Moving along in our work through rituals in our homes, we come next to After School Rituals.
Now, I know this will differ for many of you from case to case. Some foster parents work outside the home full-time, some work part-time and some stay at home full-time (BTW I understand that each one of these is a full time job and then some!). Some foster parents are single and some are not. Point being: work and family dynamics will be different from home to home, and I know application of this one especially might vary widely…so as I give you some generalizations, please know it’s simply fodder for consideration and a prompt to consider how things are done in YOUR own home. Also know that NO ONE is probably doing all of these rituals and so if there’s a ritual time slot which I discuss and you aren’t able to do it, it is in no way a reflection on your amazing parenting!
I’m just here to encourage!
All that said…for those who are home to welcome a child in after a day at school, I just want to give a little word to consider. After school rituals don’t have to be anything big or elaborate…it could be as easy as sitting together and having a snack. And who doesn’t love a snack?!?
It gives opportunity for a child to share about their day (if they’re inclined) or you to at least ask questions beyond “How was your day?” Or “What did you learn today?”. And if that doesn’t ever seem to warm them up, maybe, if it speaks to the child, doing more of the read aloud if that’s something you did in the morning. Or simply doing the read aloud now instead of trying to do it in the morning. Maybe playing a game or working a puzzle.
And then, after a snack and re-hydration, another ritual could be sending a child outside to ride their bike or jump on the trampoline for a few minutes. I know this might seem strange, but I once knew a mama who had a stack of firewood which her child would move every day after school…one day he’d move it to the right side of the yard and stack it. The next day he’d move it to the left. It wasn’t about location of the firewood…it was about giving him a heavy-work task to help settle and focus him…to work out any proprioceptive things he needed to address after a day of sitting in the classroom.
And even though the process of moving firewood may seem odd to most of you (it definitely does to me!), it worked for their family and helped him be successful in the evenings. It was their ritual!
One brief aside about that: For the most part, every child coming home is going to have some homework most nights. Even in kindergarten! So after sitting in the classroom all day, more often than not, kids from hard places need to have some free time, some vitamin D, if possible, and a chance to work out those muscles. They’ve been holding in a lot of stress and tension all day.
Sometimes that’s their focus during the day: simply have enough self-control to survive the day in the classroom…learning is sometimes secondary. And if someone finds a method which helps their child, I, for one, say go for it! If moving firewood is what works for them, I am not here to judge that!
But that’s not what I’m trying to talk about.
My point is to allow kids some downtime and a chance to reconnect with you before they start on the homework. A snack with some protein is always a good idea as well. Then some time to work out that energy.
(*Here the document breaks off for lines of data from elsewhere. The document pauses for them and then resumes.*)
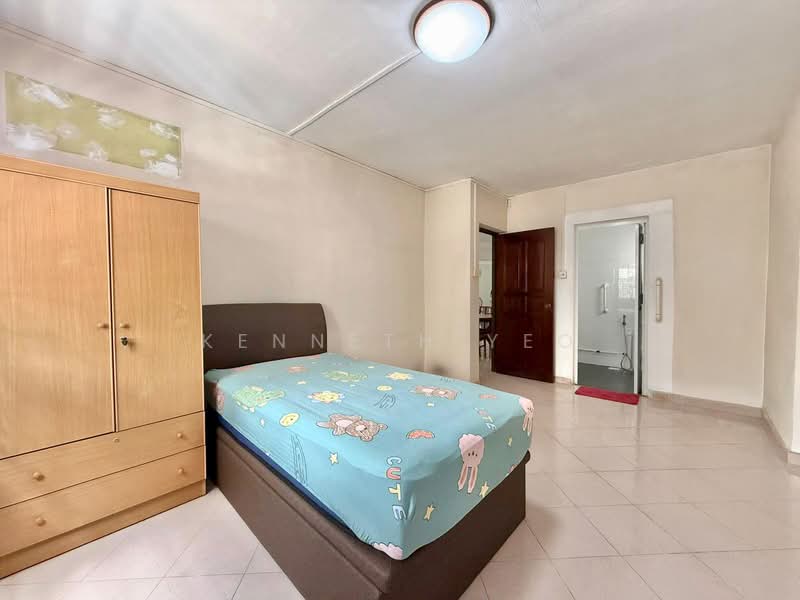 203 Bukit Batok Street 21 HDB Flat For Sale at S$ 768,000 | PropertyGuru Singapore - Bedroom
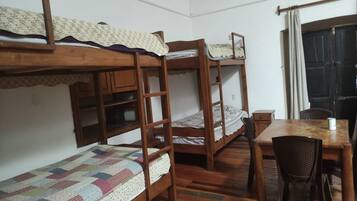 Felles sovesal, bakgårdsutsikt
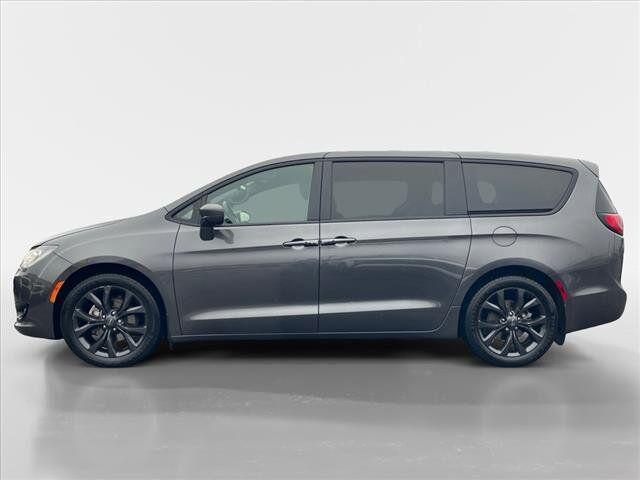 used 2019 Chrysler Pacifica car, priced at $21,995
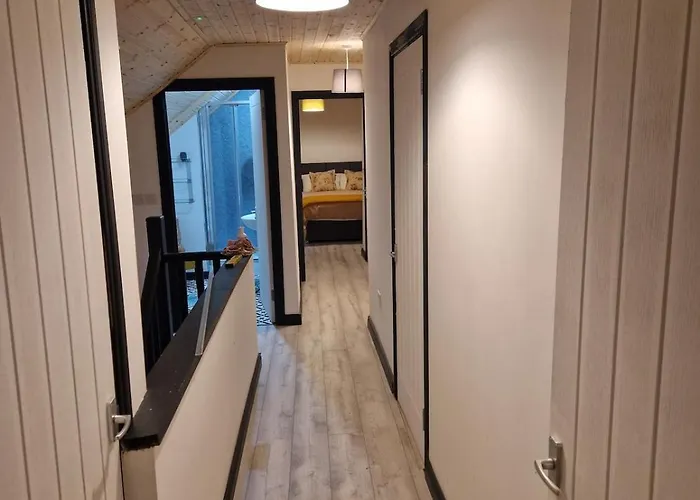 Stunning Location, Omeath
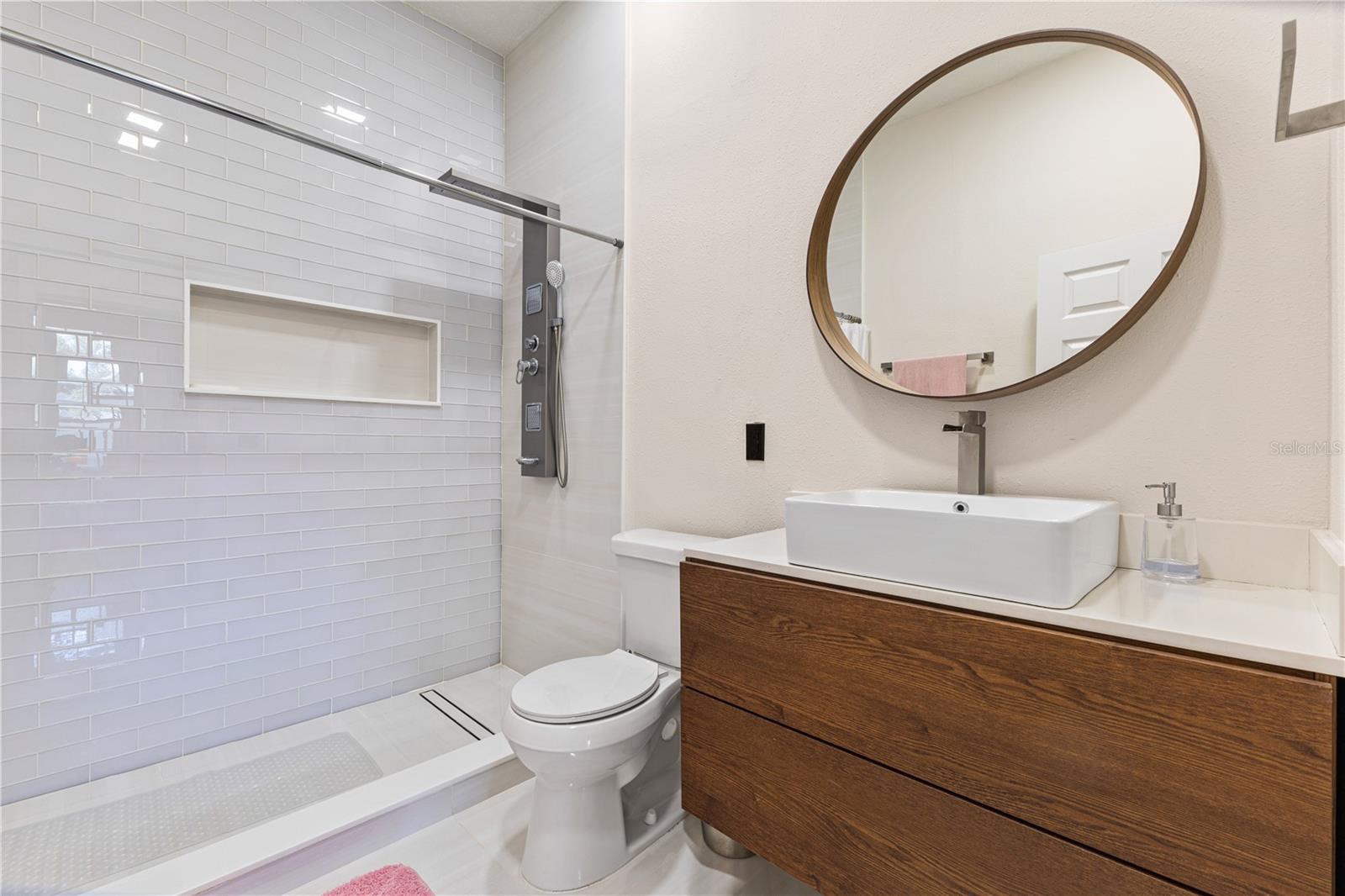 Image 15 of 68 For 11342 Camden Commons Drive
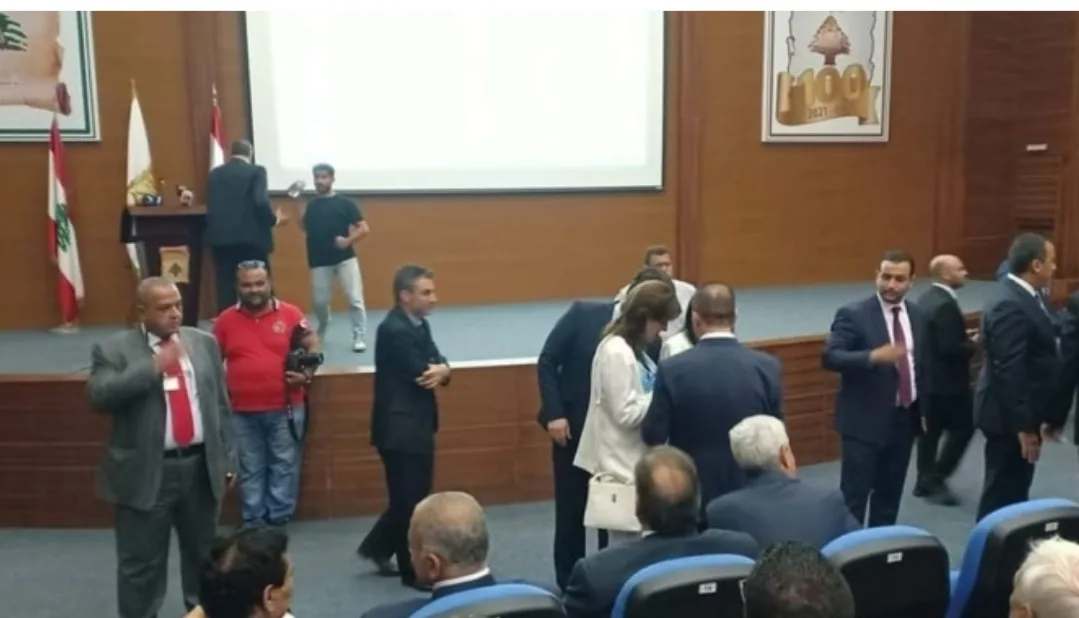 محامو النظام العسكري الجزائري ينسحبون من مؤتمر بالأردن بسبب خريطة المغرب الكاملة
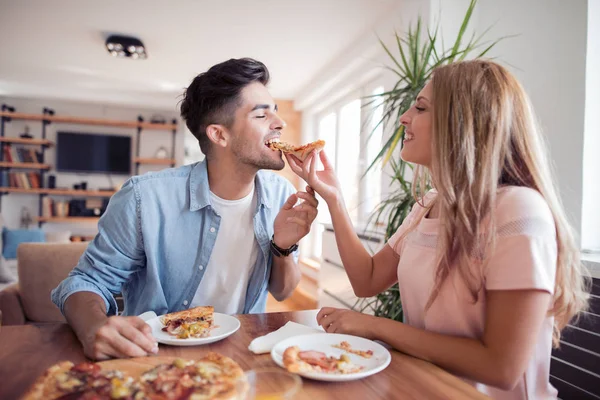 Onnellinen Romanttinen Pari Syö Pizzaa Kotona — kuvapankkivalokuva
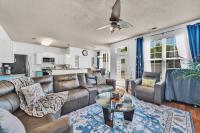 King Bed - Hot Tub - Fenced Yard - Near Carowinds - Chambres d'hôtes Charlotte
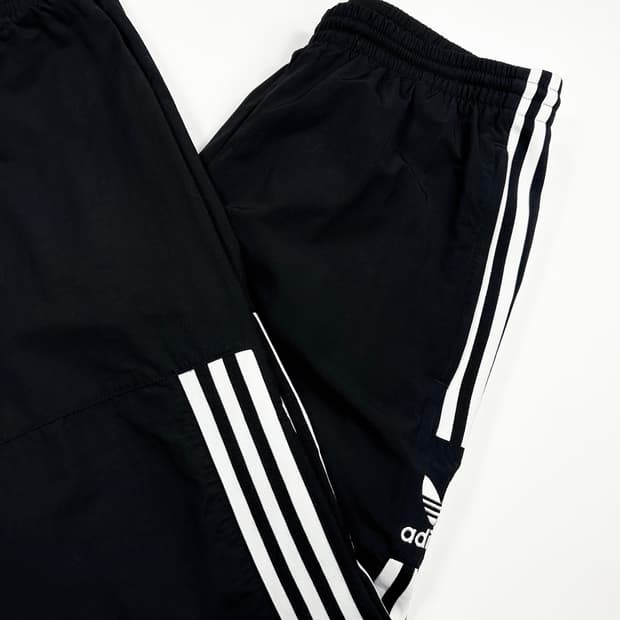 아디다스 트레포일 블랙 우븐 조거팬츠 (L)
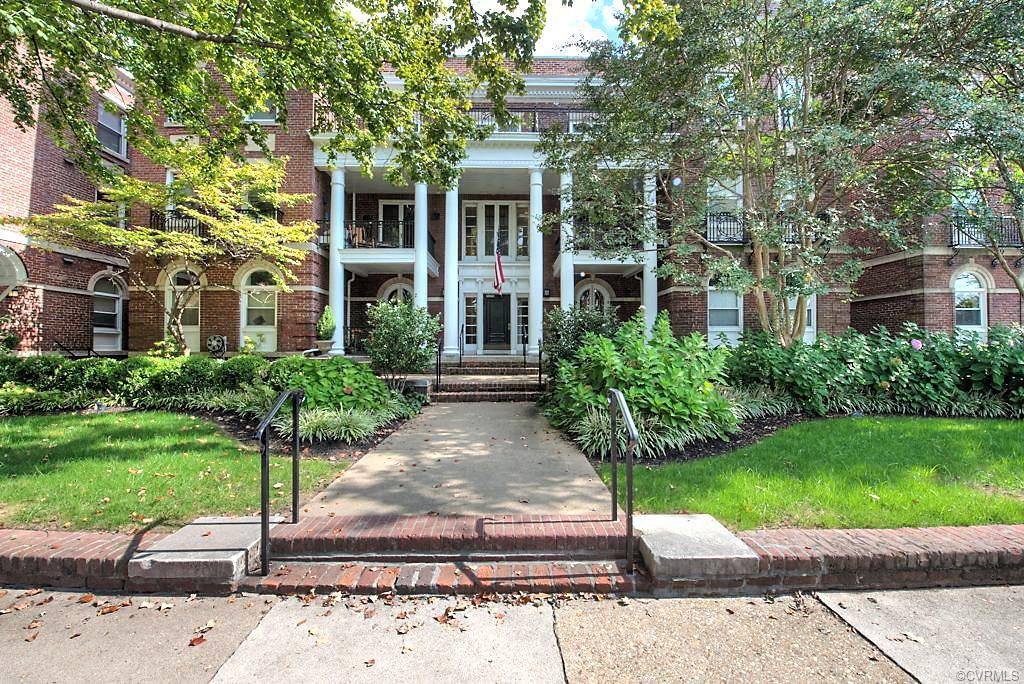 503 Davis Avenue - Photo 1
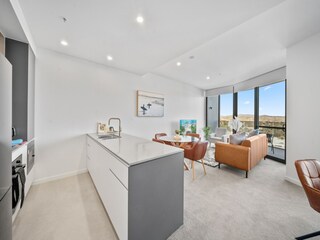 Apartment Welt Features 13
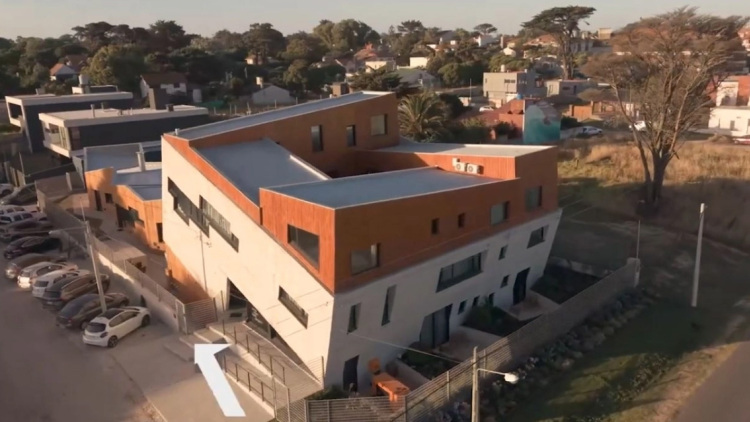 Το παράξενο «σπίτι που το καταπίνει η Γη» γίνεται ξενοδοχείο: Πόσο θα κοστίζουν τα δωμάτια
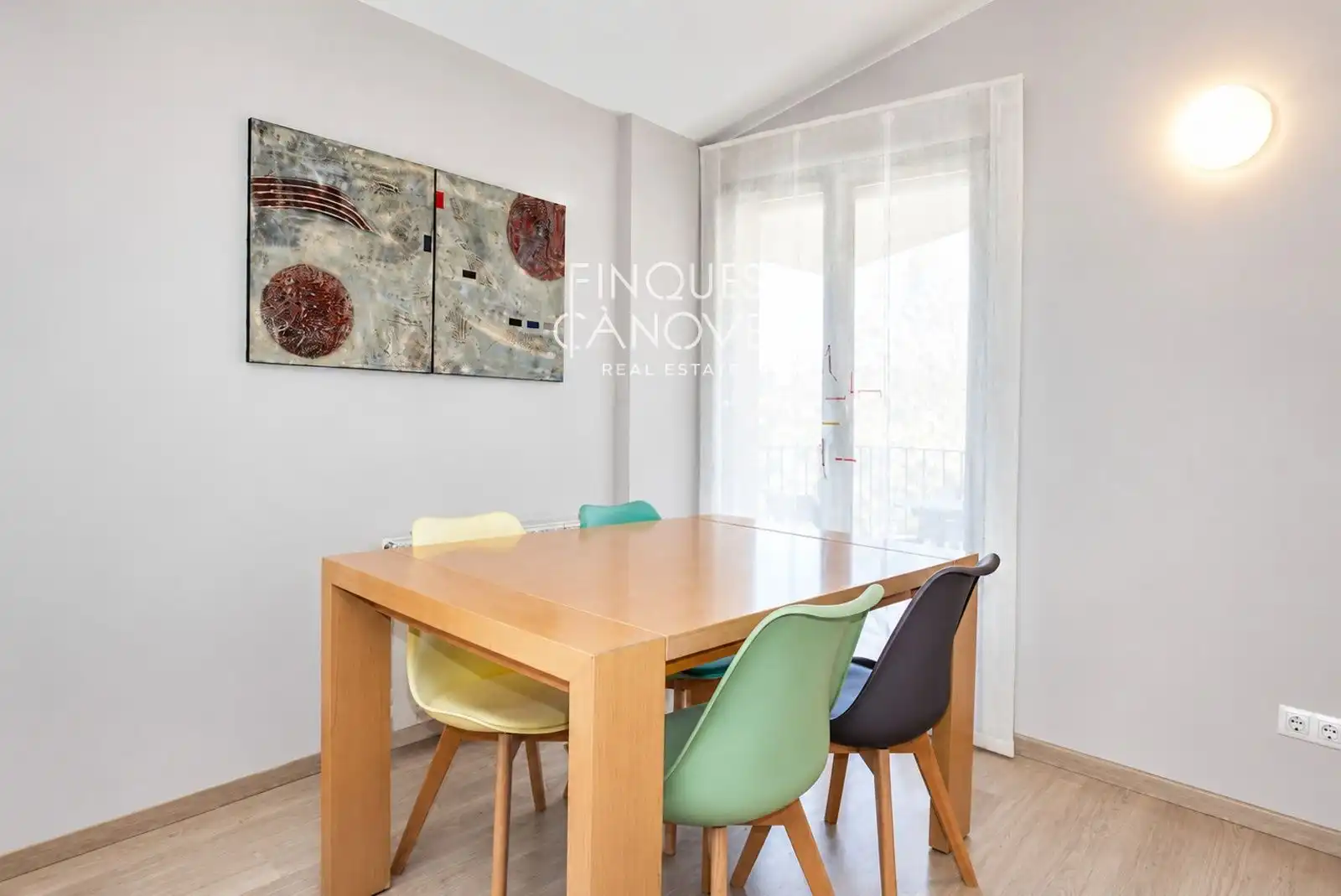 Dining room of Attic for sale in Bescanó  with Air Conditioner, Heating and Parquet flooring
And THEN comes the homework…which is, quite honestly, another opportunity for a ritual. What does homework look like for your child? Are they wanting to be close to you? If you work from home, do you have an area in your office where you could allow the child to set up shop and have close proximity to you? It may not even be that they need your help; they just want to be near you.
Or if the child is older and wants to work alone, do they have adequate space in their room? Or maybe in the family area where they are out in the open and yet still close to people…but also maybe not feeling like they’re constantly under a watchful eye?
Again…these are just suggestions for opportunities for connection and healing for the kids in your home. Every family functions differently, but yet every child (and honestly every parent too) needs to have the chance to connect with others…in a healthy and nurturing way.